Gleichzeitig fordern immer mehr deutsche Politiker Maßnahmen gegen die Ukraine wegen des Umgangs mit Timoschenko: Der Vorsitzende des Innenausschusses im Bundestag, Wolfgang Bosbach (CDU), sagte, Europa müsse dem Regime in der Ukraine jetzt entschlossen entgegentreten. Der CSU-Innenexperte Hans-Peter Uhl forderte nach der Absage des Ukraine-Besuchs von Bundespräsident Joachim Gauck weitere Gesten der Missbilligung durch deutsche Regierungsvertreter. Der SPD-Vorsitzende Sigmar Gabriel fordert alle Politiker zum Boykott der Spiele der Fußball-Europameisterschaft in der Ukraine auf. "Politiker müssen aufpassen, dass sie nicht zu Claqueuren des Regimes werden", warnte SPD-Chef Gabriel in der Zeitung "Bild am Sonntag". In den Fußballstadien säße man womöglich neben Gefängnisdirektoren und Geheimpolizisten. Gabriel sieht wegen der politischen Verhältnisse in der Ukraine das Assoziierungsabkommen mit der EU in Gefahr: "Solange in der Ukraine Menschen aus politischen Gründen in Haft gehalten und misshandelt werden, kann es keinen normalen Umgang mit dem Land geben. Unter diesen Umständen kann auch das Assoziierungsabkommen mit der EU nicht ratifiziert werden."

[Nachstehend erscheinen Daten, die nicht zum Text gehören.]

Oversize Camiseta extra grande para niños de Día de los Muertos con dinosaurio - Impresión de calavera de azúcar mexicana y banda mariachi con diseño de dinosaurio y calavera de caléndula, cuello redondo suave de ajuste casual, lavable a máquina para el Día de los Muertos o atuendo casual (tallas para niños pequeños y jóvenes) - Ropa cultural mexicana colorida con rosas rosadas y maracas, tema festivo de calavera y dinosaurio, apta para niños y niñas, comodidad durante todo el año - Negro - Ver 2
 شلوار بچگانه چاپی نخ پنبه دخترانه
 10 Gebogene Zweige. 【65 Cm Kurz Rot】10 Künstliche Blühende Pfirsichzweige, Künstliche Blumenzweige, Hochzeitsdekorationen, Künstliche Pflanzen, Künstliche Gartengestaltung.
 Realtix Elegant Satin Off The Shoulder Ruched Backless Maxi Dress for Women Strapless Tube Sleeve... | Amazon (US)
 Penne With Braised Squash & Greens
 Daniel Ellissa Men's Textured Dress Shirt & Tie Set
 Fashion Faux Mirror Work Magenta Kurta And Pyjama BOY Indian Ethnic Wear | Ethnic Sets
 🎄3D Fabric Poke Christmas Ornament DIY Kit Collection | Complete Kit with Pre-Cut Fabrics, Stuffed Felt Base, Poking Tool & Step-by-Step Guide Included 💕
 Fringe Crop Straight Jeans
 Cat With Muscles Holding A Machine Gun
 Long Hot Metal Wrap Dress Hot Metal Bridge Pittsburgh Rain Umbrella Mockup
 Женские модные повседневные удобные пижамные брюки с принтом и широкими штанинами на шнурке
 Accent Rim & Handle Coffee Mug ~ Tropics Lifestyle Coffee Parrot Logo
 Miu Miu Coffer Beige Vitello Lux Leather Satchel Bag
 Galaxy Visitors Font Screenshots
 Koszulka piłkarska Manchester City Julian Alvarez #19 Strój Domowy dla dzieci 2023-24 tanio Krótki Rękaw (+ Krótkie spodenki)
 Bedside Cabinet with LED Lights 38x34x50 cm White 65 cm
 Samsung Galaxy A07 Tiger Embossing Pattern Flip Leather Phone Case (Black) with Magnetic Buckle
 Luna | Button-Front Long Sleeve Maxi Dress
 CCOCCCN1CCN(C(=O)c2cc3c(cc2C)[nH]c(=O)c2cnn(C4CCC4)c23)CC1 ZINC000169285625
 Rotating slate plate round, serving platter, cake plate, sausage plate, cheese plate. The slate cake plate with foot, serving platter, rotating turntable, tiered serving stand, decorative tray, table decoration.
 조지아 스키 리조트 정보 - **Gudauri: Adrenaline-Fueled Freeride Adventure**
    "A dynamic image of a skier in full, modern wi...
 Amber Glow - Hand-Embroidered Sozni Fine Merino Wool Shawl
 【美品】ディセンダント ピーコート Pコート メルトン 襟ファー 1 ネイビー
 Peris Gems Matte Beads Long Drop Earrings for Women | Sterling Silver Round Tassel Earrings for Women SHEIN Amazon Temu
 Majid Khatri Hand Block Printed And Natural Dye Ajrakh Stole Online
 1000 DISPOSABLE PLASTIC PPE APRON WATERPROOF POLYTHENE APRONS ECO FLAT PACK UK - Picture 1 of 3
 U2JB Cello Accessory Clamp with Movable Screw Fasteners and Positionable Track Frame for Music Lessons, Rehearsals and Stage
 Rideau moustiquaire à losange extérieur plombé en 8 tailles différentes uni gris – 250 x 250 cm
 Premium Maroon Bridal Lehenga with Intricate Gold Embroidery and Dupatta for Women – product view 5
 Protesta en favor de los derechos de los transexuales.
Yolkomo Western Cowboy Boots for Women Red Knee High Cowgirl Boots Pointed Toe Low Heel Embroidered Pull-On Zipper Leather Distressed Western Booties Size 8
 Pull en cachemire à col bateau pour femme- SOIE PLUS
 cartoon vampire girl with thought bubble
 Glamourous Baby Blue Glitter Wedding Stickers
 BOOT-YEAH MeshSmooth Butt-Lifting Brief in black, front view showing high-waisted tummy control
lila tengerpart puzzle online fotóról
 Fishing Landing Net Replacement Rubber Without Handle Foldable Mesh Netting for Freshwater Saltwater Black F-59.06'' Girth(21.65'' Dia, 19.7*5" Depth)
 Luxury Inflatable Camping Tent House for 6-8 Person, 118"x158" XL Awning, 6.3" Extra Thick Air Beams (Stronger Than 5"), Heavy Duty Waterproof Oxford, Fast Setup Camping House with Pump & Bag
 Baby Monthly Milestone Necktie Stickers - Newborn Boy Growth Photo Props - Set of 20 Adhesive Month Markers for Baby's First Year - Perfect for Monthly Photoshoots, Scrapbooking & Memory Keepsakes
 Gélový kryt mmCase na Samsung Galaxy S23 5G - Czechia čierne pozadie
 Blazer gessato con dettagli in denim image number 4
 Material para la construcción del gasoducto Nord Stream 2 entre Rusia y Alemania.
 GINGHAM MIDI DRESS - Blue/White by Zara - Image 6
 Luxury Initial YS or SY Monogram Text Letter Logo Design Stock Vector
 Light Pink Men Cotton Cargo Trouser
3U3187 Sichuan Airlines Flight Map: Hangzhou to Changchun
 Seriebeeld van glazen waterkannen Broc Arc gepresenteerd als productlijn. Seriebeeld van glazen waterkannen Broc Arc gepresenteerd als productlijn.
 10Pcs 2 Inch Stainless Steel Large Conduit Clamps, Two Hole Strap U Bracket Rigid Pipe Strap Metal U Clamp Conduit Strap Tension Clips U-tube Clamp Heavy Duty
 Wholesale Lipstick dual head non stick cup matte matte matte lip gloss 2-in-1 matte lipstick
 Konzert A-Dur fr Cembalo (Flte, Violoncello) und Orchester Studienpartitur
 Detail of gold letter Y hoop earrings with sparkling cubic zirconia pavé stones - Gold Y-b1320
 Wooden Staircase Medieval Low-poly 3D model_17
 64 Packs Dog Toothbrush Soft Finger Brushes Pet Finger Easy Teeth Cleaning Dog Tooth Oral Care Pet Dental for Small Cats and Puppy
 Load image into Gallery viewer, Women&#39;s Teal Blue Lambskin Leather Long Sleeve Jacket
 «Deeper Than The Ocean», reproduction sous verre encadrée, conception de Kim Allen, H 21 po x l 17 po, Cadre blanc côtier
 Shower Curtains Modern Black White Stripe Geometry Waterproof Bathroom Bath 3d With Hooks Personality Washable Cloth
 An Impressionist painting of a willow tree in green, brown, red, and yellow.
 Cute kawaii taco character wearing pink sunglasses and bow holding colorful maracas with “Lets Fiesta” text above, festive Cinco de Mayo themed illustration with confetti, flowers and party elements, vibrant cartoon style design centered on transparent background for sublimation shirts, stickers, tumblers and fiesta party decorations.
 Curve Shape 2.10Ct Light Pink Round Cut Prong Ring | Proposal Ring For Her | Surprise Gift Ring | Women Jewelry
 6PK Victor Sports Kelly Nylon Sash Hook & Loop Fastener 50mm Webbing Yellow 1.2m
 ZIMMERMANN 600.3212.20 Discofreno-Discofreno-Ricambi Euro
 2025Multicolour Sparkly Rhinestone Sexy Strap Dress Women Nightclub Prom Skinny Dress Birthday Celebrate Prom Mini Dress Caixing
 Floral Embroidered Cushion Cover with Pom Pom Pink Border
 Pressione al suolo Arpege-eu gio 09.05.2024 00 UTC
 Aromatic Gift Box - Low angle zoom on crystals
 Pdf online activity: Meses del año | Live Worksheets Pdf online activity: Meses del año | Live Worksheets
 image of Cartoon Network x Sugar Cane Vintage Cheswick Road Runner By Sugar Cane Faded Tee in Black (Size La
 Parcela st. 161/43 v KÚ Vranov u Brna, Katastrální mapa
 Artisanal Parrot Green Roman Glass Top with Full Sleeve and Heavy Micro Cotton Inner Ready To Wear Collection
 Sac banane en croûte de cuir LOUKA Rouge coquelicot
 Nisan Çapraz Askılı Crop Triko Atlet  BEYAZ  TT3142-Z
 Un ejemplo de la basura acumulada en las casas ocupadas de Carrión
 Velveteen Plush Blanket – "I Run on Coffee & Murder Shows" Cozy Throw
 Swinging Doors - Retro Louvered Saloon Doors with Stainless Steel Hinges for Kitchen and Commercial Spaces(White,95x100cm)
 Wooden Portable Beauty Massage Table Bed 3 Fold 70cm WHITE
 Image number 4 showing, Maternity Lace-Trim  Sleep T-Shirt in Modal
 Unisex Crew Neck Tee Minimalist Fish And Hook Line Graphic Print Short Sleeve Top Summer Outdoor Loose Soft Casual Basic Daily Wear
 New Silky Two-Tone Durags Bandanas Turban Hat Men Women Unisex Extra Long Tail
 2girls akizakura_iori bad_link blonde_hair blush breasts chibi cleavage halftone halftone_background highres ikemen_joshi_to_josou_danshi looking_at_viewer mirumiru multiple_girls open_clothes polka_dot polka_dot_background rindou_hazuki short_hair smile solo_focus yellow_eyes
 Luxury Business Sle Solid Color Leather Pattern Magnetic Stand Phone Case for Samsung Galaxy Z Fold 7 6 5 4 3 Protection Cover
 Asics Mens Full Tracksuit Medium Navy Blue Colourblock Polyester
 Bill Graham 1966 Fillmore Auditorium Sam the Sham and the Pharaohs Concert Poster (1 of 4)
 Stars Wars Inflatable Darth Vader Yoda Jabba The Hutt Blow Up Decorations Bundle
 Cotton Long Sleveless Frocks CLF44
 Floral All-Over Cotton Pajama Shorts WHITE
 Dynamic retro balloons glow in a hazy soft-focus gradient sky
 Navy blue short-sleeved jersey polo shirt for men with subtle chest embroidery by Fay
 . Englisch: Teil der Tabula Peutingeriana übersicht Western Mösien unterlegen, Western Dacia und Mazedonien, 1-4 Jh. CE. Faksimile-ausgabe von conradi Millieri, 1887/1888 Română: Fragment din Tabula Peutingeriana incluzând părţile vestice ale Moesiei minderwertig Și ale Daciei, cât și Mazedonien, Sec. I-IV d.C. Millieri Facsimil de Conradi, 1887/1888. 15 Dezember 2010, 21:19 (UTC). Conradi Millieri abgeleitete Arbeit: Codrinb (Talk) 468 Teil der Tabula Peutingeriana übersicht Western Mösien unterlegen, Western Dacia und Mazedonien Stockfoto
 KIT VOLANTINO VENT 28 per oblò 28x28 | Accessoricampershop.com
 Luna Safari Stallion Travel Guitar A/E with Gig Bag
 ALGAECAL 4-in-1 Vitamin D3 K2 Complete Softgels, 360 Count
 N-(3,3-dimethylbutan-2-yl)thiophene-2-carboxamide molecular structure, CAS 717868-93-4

Der Unionsaußenexperte Philipp Mißfelder verknüpfe den Wunsch der Ukraine nach Annäherung an die EU mit dem Schicksal der Oppositionspolitikerin. "Der Umgang mit Frau Timoschenko wird Konsequenzen haben für den Umgang der EU mit Visa-Erleichterungen für Ukrainer", sagte der CDU-Politiker. "Mit ihrem Vorgehen entfernt sich die Ukraine derzeit immer weiter von Europa."

Auch der Präsident des Europäischen Parlaments, Martin Schulz (SPD), sieht angesichts dieses Konflikts das Wirtschaftsabkommen zwischen der EU und der Ukraine gefährdet. "Wenn die ukrainische Regierung das Problem nicht schnellstens löst, gefährdet das das Abkommen mit der EU über wirtschaftliche und politische Zusammenarbeit. Die EU ist eine Werte- und Rechtsgemeinschaft und erwartet von Ländern, mit denen wir solche Assoziierungsabkommen schließen, dass sie sich an diese Werte halten", sagte Schulz.

Eugenia Timoschenko lobt internationalen Druck auf Kiew

Nach Überzeugung von Eugenia Timoschenko wäre ihre Mutter ohne den internationalen Druck auf die Regierung in Kiew bereits tot. "Ich bin sicher, wenn der Druck aus Europa nicht wäre, wäre meine Mutter heute nicht mehr am Leben". Die Absage der Reise Gaucks in die Ukraine nannte Timoschenko "ein sehr starkes Signal der Unterstützung und Solidarität". Sie appellierte an andere europäische Spitzenpolitiker, es dem Bundespräsidenten gleich zu tun: Kein europäischer Staatsmann mit Selbstrespekt könne sich neben den ukrainischen Präsidenten Viktor Janukowitsch stellen. "Er sollte boykottiert werden."? Eugenia Timoschenko sprach sich zugleich aber gegen eine Absage der Fußball-Europameisterschaft in der Ukraine aus.

Besorgt zeigte sich Timoschenko über den Gesundheitszustand ihrer inhaftierten Mutter. "Sie trinkt nur Wasser. Ihre Rückenschmerzen sind sehr viel schlimmer geworden, seitdem sie gegen ihren Willen mit Gewalt ins Krankenhaus gebracht wurde. Sie ist sehr schwach."